Claus made up a mapping between tags and clusters of tags in OpenStreetmap, to a simple linkedgeodata.org ontology. Here’s the mapping file – warning, it is quite large – OSM->linkedgeodata mapping rules. Pointed him at Jochen Topf’s new work on OSM tag analysis and clustering, Taginfo.

As well as the REST interface, there is a basic GeoSPARQL endpoint using Virtuoso as a Linked Data store – we ran containment queries for polygons returning polygons with reasonable performance. There is a fracturing in the GeoSPARQL world both in proposed standards and in actual implementation.

So we want to be able to return links to LinkedGeodata.org URLs in the results of our search. Right now Unlock’s place search returns original source identifiers (from geonames, etc) as well as our local identifiers, for place-names and shapes. In fact Unlock could help with the mapping across of Linkedgeodata.org URLs to geonames URLs, which are quite widely used, an entry point into the bigger Linked Data web.

Another very interesting tool for making links between things on the Linked Data web is SILK, by Chris Bizer, Anja Jentsch and their research group at the Freie Universitat Berlin. The latest (or still testing?) release of SILK has some spatial inference capacity as well as structural inference. So we could try it out on, for example, the Chalice data just to see what kind of links can be made between URLs for linkedgeodata things and URLs for historic place-names.
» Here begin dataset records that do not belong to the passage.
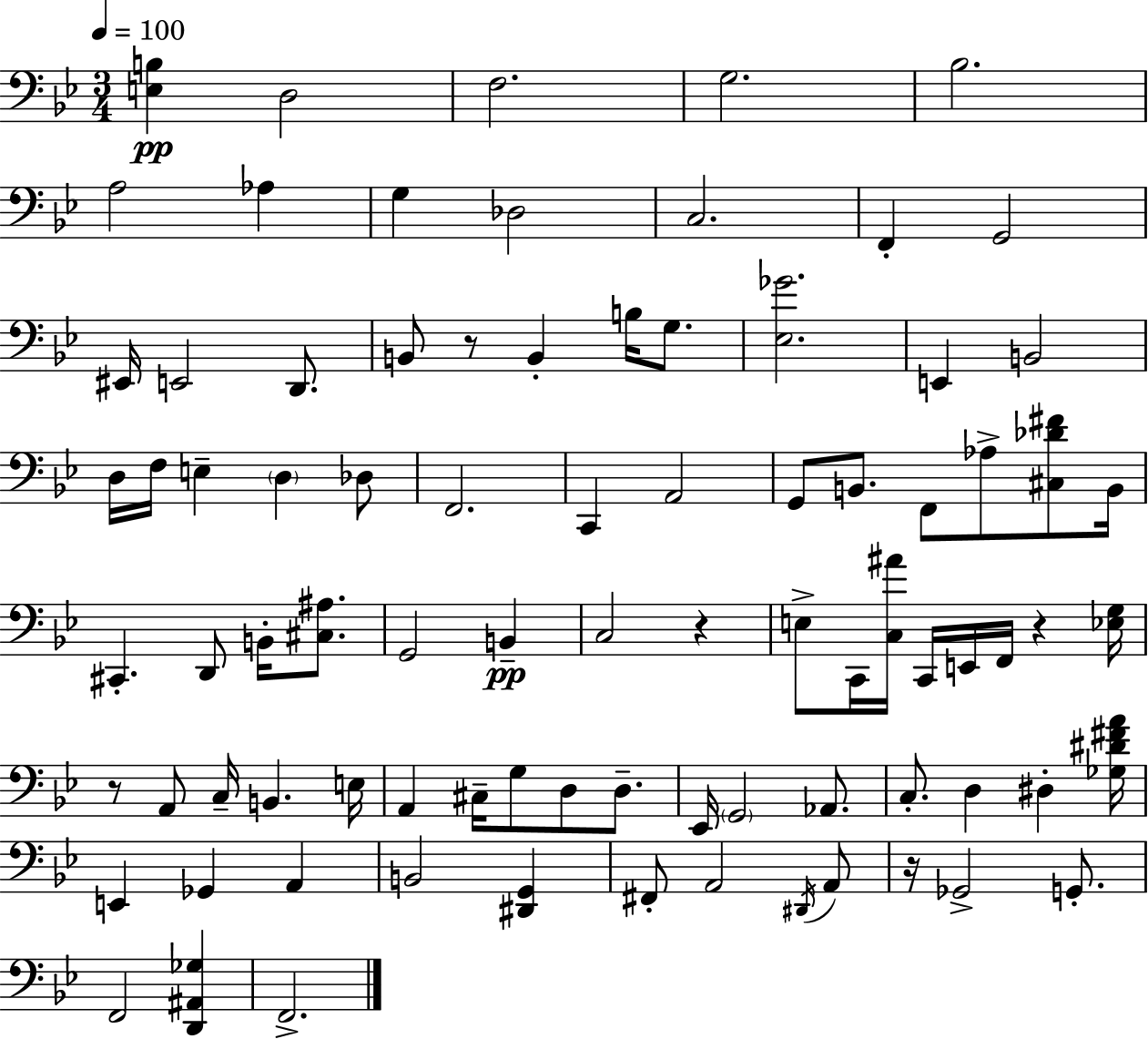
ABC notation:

X:1
T:Untitled
M:3/4
L:1/4
K:Gm
[E,B,] D,2 F,2 G,2 _B,2 A,2 _A, G, _D,2 C,2 F,, G,,2 ^E,,/4 E,,2 D,,/2 B,,/2 z/2 B,, B,/4 G,/2 [_E,_G]2 E,, B,,2 D,/4 F,/4 E, D, _D,/2 F,,2 C,, A,,2 G,,/2 B,,/2 F,,/2 _A,/2 [^C,_D^F]/2 B,,/4 ^C,, D,,/2 B,,/4 [^C,^A,]/2 G,,2 B,, C,2 z E,/2 C,,/4 [C,^A]/4 C,,/4 E,,/4 F,,/4 z [_E,G,]/4 z/2 A,,/2 C,/4 B,, E,/4 A,, ^C,/4 G,/2 D,/2 D,/2 _E,,/4 G,,2 _A,,/2 C,/2 D, ^D, [_G,^D^FA]/4 E,, _G,, A,, B,,2 [^D,,G,,] ^F,,/2 A,,2 ^D,,/4 A,,/2 z/4 _G,,2 G,,/2 F,,2 [D,,^A,,_G,] F,,2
We’ve been setting up an instance of OpenStreetmap for Unlock and other purposes at EDINA recently. Our plan with this is to start working from Nominatim, which has a point-based gazetteer for place-names down to street address level, and attempt to extract and/or generalise shapes as well as points corresponding to the names. We’re doing this to provide more/richer data search, rather than republishing original datasets in some more/differently interpretable form. So there’s lots of common ground and I hope to find ways to work together in future to make sure we complement and don’t duplicate.